Monet’s paintings from Giverny during this period present a very particular vision of France, rooted in the long-standing belief that the country’s rich lands and temperate climate were a point of national pride. This connection between French patriotism and the landscape had gained a particular potency following the loss of the Alsace and Lorraine regions during the Franco-Prussian war of 1871. In Prairie à Giverny, the lush foliage of the meadow offers tangible evidence of the land’s fertility, standing as a reassuring testimony to the continuity of the agrarian traditions and the health of rural France, in the face of political, cultural and technological developments. To further emphasise this, Monet leaves the scene completely devoid of any human presence. Instead, the meadow remains untouched by human hands, driven by its own natural cycle of regrowth alone, the rich green leaves springing forth in response to the return of the sunlight and rain of springtime. As Paul Hayes Tucker has suggested, this aspect of Monet’s paintings ‘implied that the countryside was a place where one could find reassurances about the world, where contemporary problems seemed to vanish, and a deeper union with nature appeared possible’ (Tucker, in Monet in the 90s: The Series Paintings, exh. cat., Boston, 1989, p. 111). Pure landscape also offered Monet the opportunity for bold artistic experimentation, liberating his brushwork and colour to the point that they dissolve into an almost abstract mosaic of thick brushstrokes. As such, the landscapes from Giverny during the 1880s became a showcase for Monet’s bold painterly style, delicately balancing abstraction with representation to not only evoke the presence of intangible elements, such as light, the passage of time, and atmosphere, but also to champion the continued importance and dynamism of Impressionism itself.

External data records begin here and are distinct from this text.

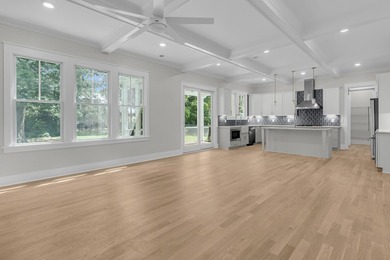 Experience the pinnacle of new construction luxury in this - photo 29
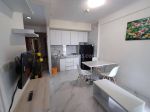 thumbnail-apartemen-mediterania-palace-kemayoran-2-kamar-tidur-sudah-renovasi-furnished-0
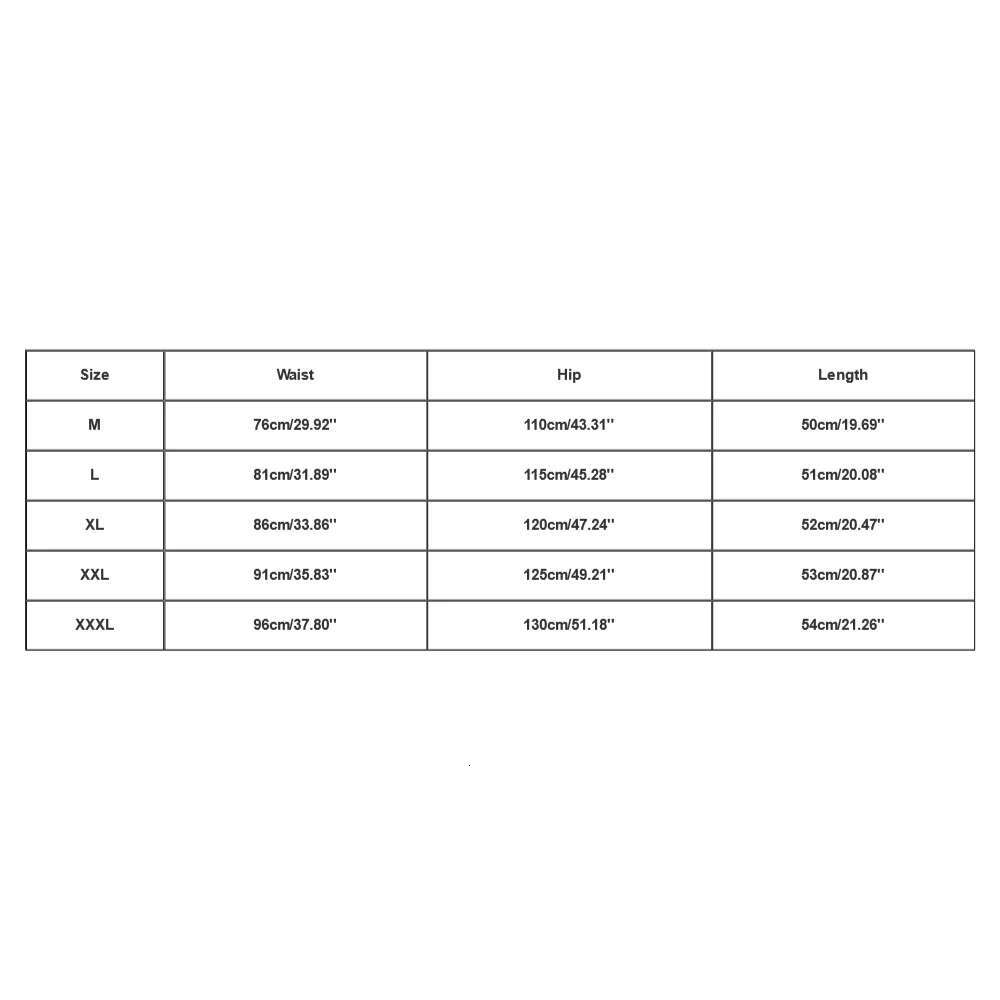 Summer New Side Single Breasted Men's Designer Shorts With Deep Pocket Loose Fit Outdoor Leisure Running Shorts For Exercise And Training Basketb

Monet’s activities at la Prairie during the summer of 1885, when the present work was painted, were immortalised in a portrait by the American painter John Singer Sargent, an avid early follower and friend of Monet’s who most likely visited the artist at his home in Giverny during the warm summer months of that year. According to Monet, he had first met Sargent at the Durand-Ruel Gallery in Paris in 1876, and the pair began a regular correspondence which they maintained over the course of the ensuing years. Their blossoming friendship was aided by the frequent group exhibitions in which they both featured throughout the early 1880s, and while visiting Paris in 1885, Sargent seems to have decided to venture out to Giverny to visit Monet in person. Their cordial relationship ensured that the American was permitted to join Monet on his painting excursions into the countryside, and Sargent took the opportunity to record the artist working en plein air in the composition Claude Monet Painting by the Edge of a Wood. In the portrait, Monet appears to be working on the painting Pré à Giverny, also known as Meadow with Haystacks near Giverny, now in the Museum of Fine Arts in Boston, while a young woman, possibly the artist’s stepdaughter Suzanne Hoschedé, rests in the shade by the slender trees that line the boundary of the field. Rendered in loose strokes of fluid pigment, the painting evokes the rapidity with which Sargent has captured the scene, catching his subject unawares as he works on his canvas. Completely absorbed by the scene, Monet remains oblivious to Sargent’s penetrating gaze, his own eyes fixed on the meadow as he attempts to render the shifting light that dances across the haystacks.